» **WORK ORDER**: Take the entries below and print only the lines from the one with "Person Steals Bricks" through the one with "PLEKHA6 Antibody in ELISA (ELISA)", exactly as they stand, both ends included.

Stored data
++++++++++

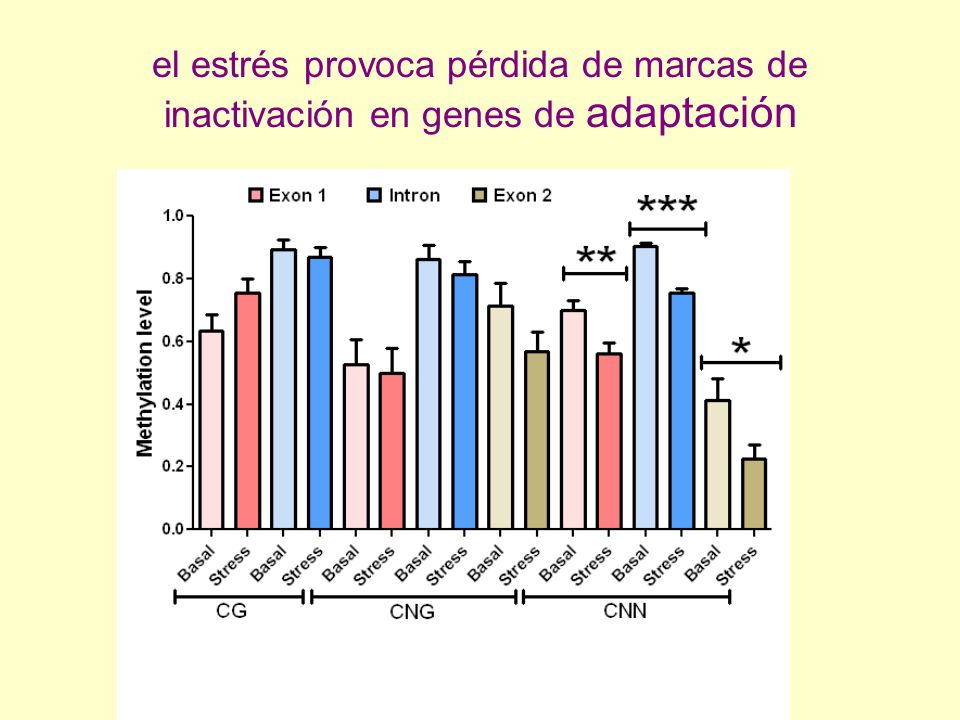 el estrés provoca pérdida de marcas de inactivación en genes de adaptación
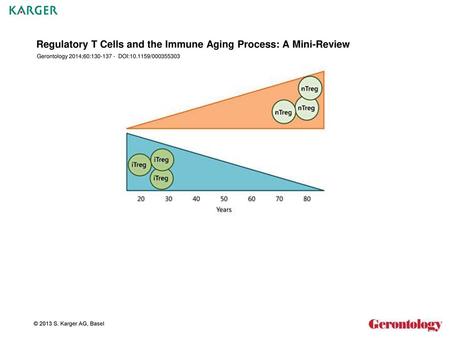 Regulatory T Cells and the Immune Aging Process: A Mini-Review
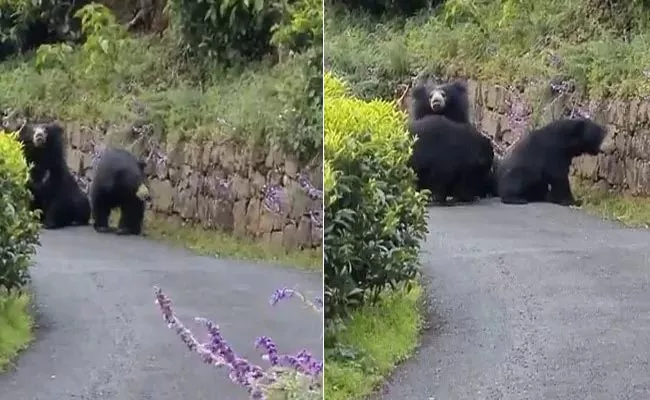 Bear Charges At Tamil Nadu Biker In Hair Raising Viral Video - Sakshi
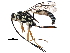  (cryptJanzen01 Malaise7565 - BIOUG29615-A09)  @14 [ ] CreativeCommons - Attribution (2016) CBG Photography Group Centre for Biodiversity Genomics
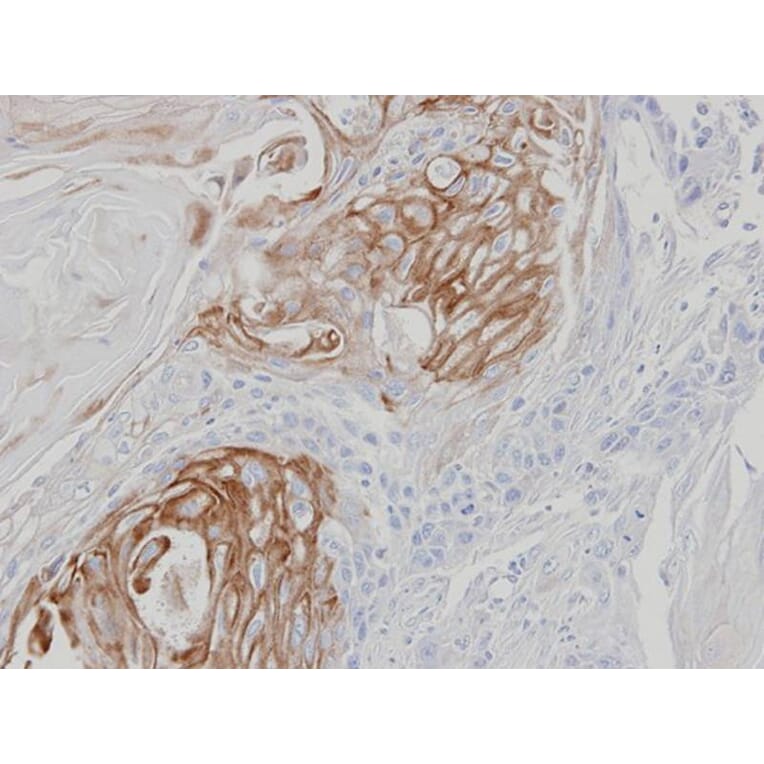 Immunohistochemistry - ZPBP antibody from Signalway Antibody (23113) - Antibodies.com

++++++++++

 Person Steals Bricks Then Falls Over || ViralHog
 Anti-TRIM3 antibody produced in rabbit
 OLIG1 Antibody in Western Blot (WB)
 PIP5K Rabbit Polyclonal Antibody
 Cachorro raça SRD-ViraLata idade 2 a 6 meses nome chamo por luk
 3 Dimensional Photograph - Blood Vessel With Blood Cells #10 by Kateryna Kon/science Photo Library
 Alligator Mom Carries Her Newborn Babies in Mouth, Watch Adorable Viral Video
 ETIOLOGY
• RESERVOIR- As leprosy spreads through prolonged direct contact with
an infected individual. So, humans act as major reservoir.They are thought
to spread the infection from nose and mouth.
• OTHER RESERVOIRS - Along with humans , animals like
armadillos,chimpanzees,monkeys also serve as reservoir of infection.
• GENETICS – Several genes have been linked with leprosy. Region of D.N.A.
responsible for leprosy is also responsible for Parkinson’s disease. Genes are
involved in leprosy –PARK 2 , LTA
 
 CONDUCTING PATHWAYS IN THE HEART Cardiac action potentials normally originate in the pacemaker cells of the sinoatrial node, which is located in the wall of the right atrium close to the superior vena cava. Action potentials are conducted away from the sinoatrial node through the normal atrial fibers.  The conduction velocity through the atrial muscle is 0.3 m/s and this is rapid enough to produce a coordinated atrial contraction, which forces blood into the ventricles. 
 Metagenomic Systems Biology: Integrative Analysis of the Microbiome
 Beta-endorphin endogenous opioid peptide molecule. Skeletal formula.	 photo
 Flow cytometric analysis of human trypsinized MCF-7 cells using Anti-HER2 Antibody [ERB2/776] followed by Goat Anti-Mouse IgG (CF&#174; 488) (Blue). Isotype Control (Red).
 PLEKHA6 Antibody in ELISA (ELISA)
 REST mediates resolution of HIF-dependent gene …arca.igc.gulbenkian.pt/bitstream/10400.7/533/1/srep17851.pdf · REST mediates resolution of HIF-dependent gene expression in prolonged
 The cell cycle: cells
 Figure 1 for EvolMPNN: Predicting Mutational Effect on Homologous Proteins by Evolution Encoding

++++++++++

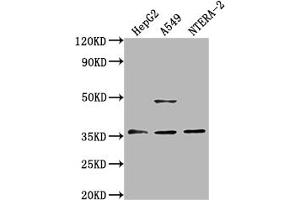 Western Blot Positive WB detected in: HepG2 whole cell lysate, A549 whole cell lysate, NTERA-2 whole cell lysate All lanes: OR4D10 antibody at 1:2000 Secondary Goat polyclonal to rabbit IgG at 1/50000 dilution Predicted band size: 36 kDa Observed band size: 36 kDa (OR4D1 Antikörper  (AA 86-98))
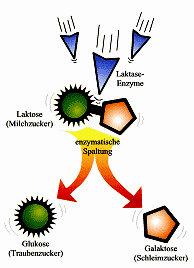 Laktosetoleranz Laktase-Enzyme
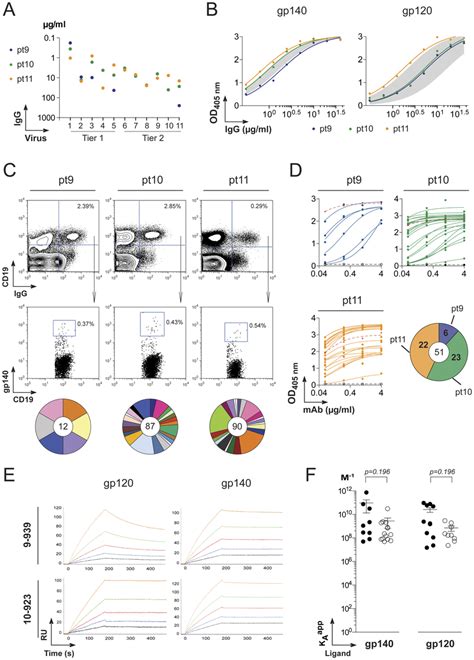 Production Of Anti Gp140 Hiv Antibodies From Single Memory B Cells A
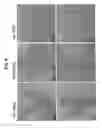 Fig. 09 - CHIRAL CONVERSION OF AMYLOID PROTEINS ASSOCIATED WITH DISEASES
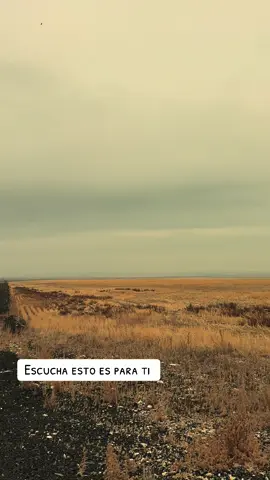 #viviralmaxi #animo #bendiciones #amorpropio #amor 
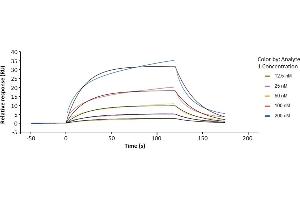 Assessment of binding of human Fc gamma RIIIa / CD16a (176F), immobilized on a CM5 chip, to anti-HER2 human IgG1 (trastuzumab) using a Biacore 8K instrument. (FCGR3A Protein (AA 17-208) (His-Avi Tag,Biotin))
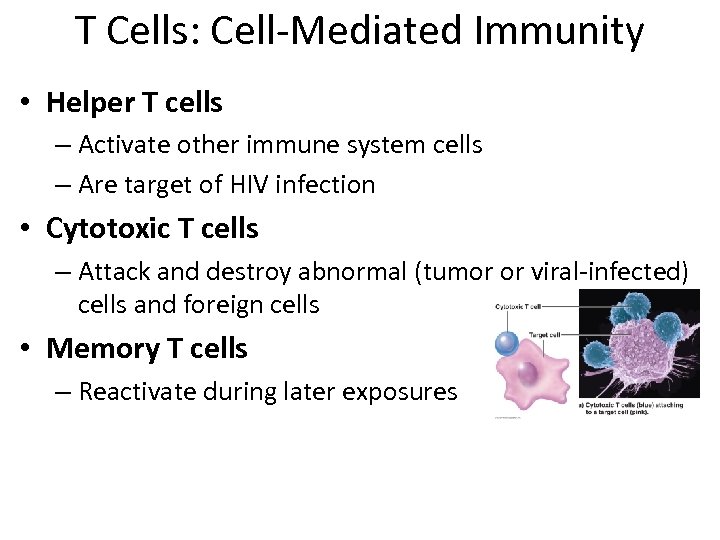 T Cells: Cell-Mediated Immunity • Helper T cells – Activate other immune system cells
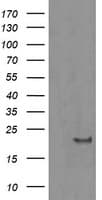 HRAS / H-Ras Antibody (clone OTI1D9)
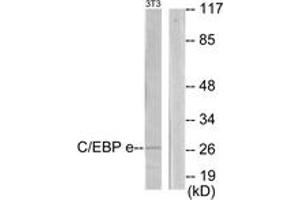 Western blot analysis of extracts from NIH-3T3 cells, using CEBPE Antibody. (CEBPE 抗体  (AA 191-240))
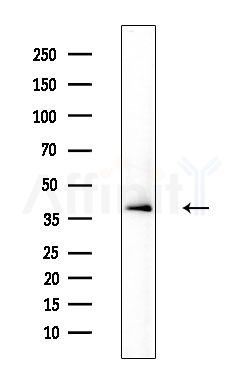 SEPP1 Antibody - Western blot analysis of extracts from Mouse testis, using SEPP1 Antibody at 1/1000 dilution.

++++++++++

» **SOLUTION FOR THIS PROBLEM**:
 Person Steals Bricks Then Falls Over || ViralHog
 Anti-TRIM3 antibody produced in rabbit
 OLIG1 Antibody in Western Blot (WB)
 PIP5K Rabbit Polyclonal Antibody
 Cachorro raça SRD-ViraLata idade 2 a 6 meses nome chamo por luk
 3 Dimensional Photograph - Blood Vessel With Blood Cells #10 by Kateryna Kon/science Photo Library
 Alligator Mom Carries Her Newborn Babies in Mouth, Watch Adorable Viral Video
 ETIOLOGY
• RESERVOIR- As leprosy spreads through prolonged direct contact with
an infected individual. So, humans act as major reservoir.They are thought
to spread the infection from nose and mouth.
• OTHER RESERVOIRS - Along with humans , animals like
armadillos,chimpanzees,monkeys also serve as reservoir of infection.
• GENETICS – Several genes have been linked with leprosy. Region of D.N.A.
responsible for leprosy is also responsible for Parkinson’s disease. Genes are
involved in leprosy –PARK 2 , LTA
 
 CONDUCTING PATHWAYS IN THE HEART Cardiac action potentials normally originate in the pacemaker cells of the sinoatrial node, which is located in the wall of the right atrium close to the superior vena cava. Action potentials are conducted away from the sinoatrial node through the normal atrial fibers.  The conduction velocity through the atrial muscle is 0.3 m/s and this is rapid enough to produce a coordinated atrial contraction, which forces blood into the ventricles. 
 Metagenomic Systems Biology: Integrative Analysis of the Microbiome
 Beta-endorphin endogenous opioid peptide molecule. Skeletal formula.	 photo
 Flow cytometric analysis of human trypsinized MCF-7 cells using Anti-HER2 Antibody [ERB2/776] followed by Goat Anti-Mouse IgG (CF&#174; 488) (Blue). Isotype Control (Red).
 PLEKHA6 Antibody in ELISA (ELISA)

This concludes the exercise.